With Umbría, passive cooling and sustainability is tangible.
Umbría
In an increasingly hotter world, our default response is active cooling, yet every unit of air conditioning we add generates the emissions that drive further warming, creating a cooling paradox. UMBRÍA confronts this with a shift in design philosophy: from active cooling toward passive adaptation. Rather than fighting heat with more technology, this vehicle concept for the 2030s asks what cars could learn from climates that have managed heat for millennia. It looks into existing forms of adaptation in architecture and relevant materials, translating these proven principles into a vehicle designed to work with the sun rather than against it.
Project information
By the 2030s, Andalucía will spend an increasing share of the year in conditions where a sealed vehicle parked in direct sun becomes physiologically unsafe within minutes. The conventional automotive response, running air conditioning harder against a hotter outside, drives a feedback loop between cooling demand and the emissions that warm the climate further. Umbría proposes a different premise: that a vehicle interior should adapt to extreme heat the way Andalusian architecture has for centuries, by working with shade, ventilation and thermal mass rather than against them.

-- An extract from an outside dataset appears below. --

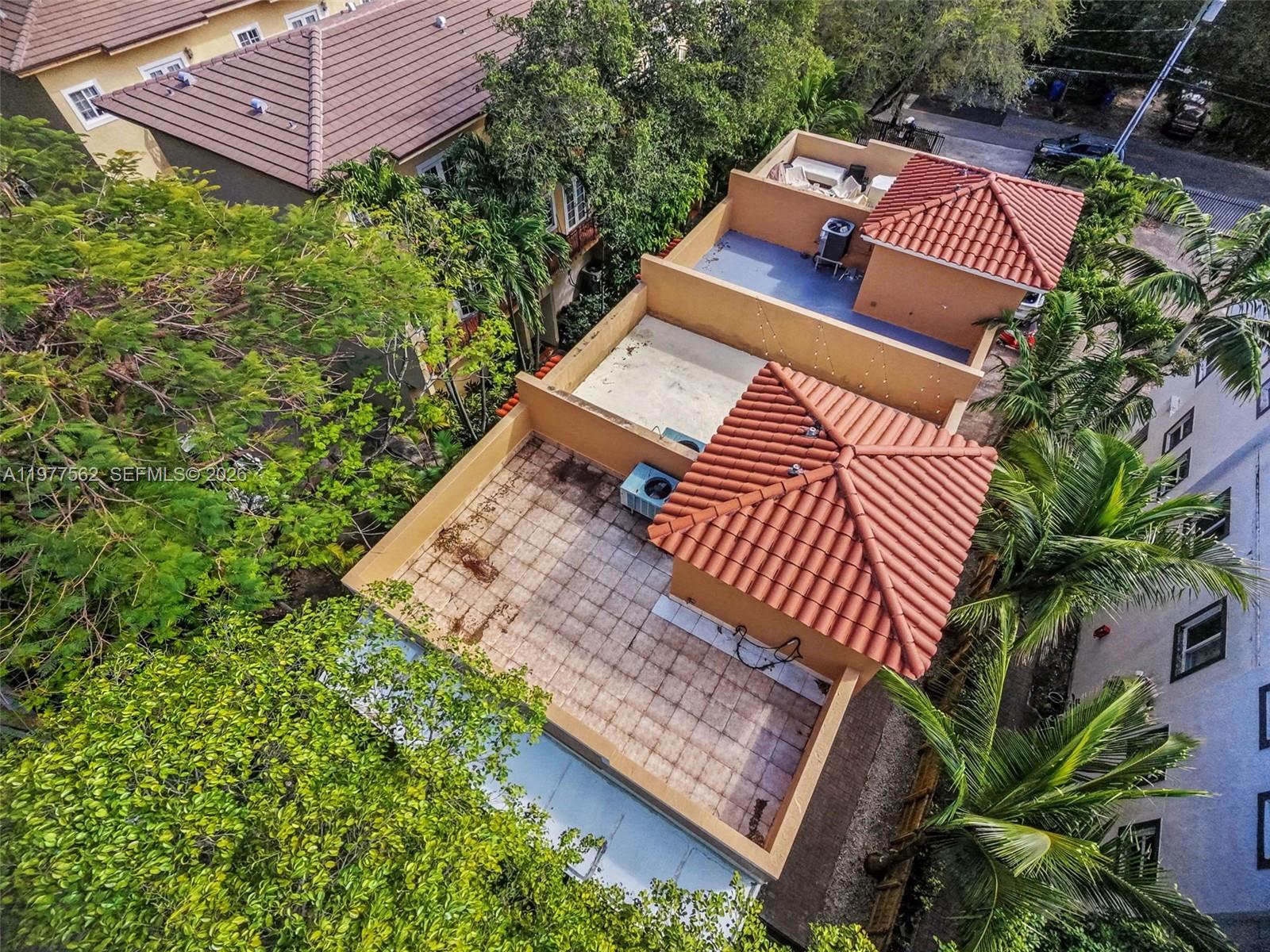 Ver detalles / 3500 sq. ft. $ 2026-07-28 0 foto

The project develops a concept vehicle interior built around passive cooling principles drawn from regional vernacular building. The user case is grounded in a recorded interview with an Andalusian farmer and applied through a representative persona, allowing the design to engage with documented working conditions.
The result is a cabin treated as a small mobile building rather than a sealed metal box: an exoskeletal thermal frame that channels stack-effect ventilation, a retractable solar chimney, a phase-change thermal core that absorbs and releases heat across the day, deployable awnings, and a rear seats configuration that opens into a hammock for the midday halt. The intent is not to replace air conditioning, but to reduce its load to a fraction of current levels, proposing passive thermal architecture as a viable design direction for vehicles operating in the world’s warming climates.
UID26 | Yishun Dai – Grad project presentation
Form exploration and sketches made during ideation.
The front space is characterized by the mycelium composites and cork panels.
The seats are designed with breathability in mind with the mesh cover and mycelium foam cushions with air channels.
The cooling structure reads as one continuous architectural element with the cabin sitting inside.
Extendable roof panels blocks sunlight from hitting the interior.
Passive cooling is possible thanks to the stack effect from the cooling structure and the phase-change material core.
The rear space adapts to what the user needs with three different layouts.
An enclosed, shaded interior built into a vehicle for maximum comfort.
Umbría transforms into a space for a comfortable siesta when the user is in the middle of the countryside.